Google Groups no longer supports new Usenet posts or subscriptions. Historical content remains viewable.
Dismiss

Numbered regexps throw invalid regex error

37 views
Skip to first unread message

Tom

unread,
Jan 25, 2012, 5:17:26 AM1/25/12
to help-gn...@gnu.org
According to the docs:

This construct allows you to force a particular
group number.

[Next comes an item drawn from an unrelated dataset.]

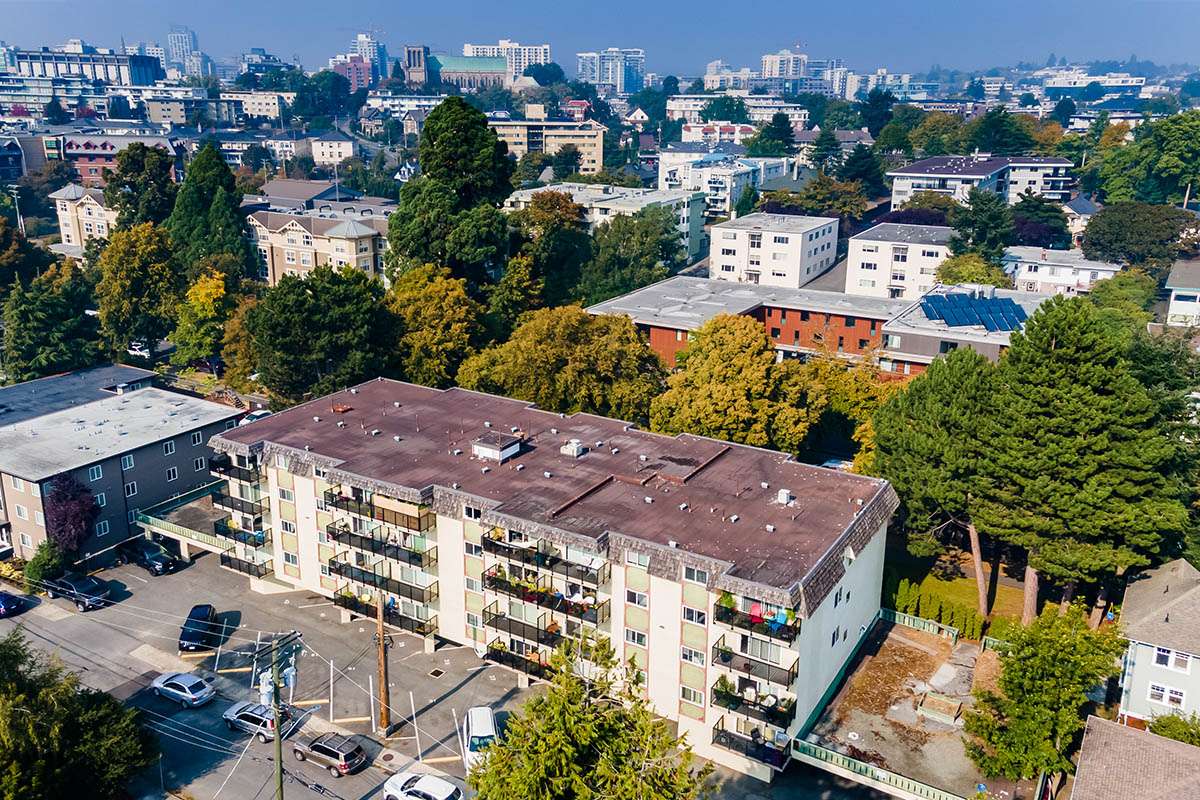 Westminster Court - 1 Bedroom available at 955 Humboldt Street, Victoria 4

There is no particular restriction on the numbering,

but when I try this:

(looking-at "\\(a\\(?1:b\\)\\)")

then it throws an error.

I know it's possibly a collision with the containing group's number
and I can overcome it by using a larger number, but the doc says
I can use it to force a group number, so why does it throw an error
then?

Is it a bug? I tried it with GNU Emacs 23.2.1




Stefan Monnier

unread,
Jan 25, 2012, 9:10:24 AM1/25/12
to
> This construct allows you to force a particular
> group number. There is no particular restriction on the numbering,
> but when I try this:
> (looking-at "\\(a\\(?1:b\\)\\)")
> then it throws an error.
> I know it's possibly a collision with the containing group's number
> and I can overcome it by using a larger number,

Rather than a larger number, you can just stop the outer group from
getting a number: (looking-at "\\(?:a\\(?1:b\\)\\)") which happens to be
the same as (looking-at "\\(?:a\\(b\\)\\)").

> but the doc says I can use it to force a group number, so why does it
> throw an error then?

Because having the same group nested in "itself" leads to tricky
questions about the expected semantics: when matching
"\\(a\\(?1:b\\)c\\)", should a successful match's group1 match "abc" or
"b" or "ab" or "bc"? You'd probably want either "abc" or "b" but the
most likely behavior, given the current implementation, would be "bc".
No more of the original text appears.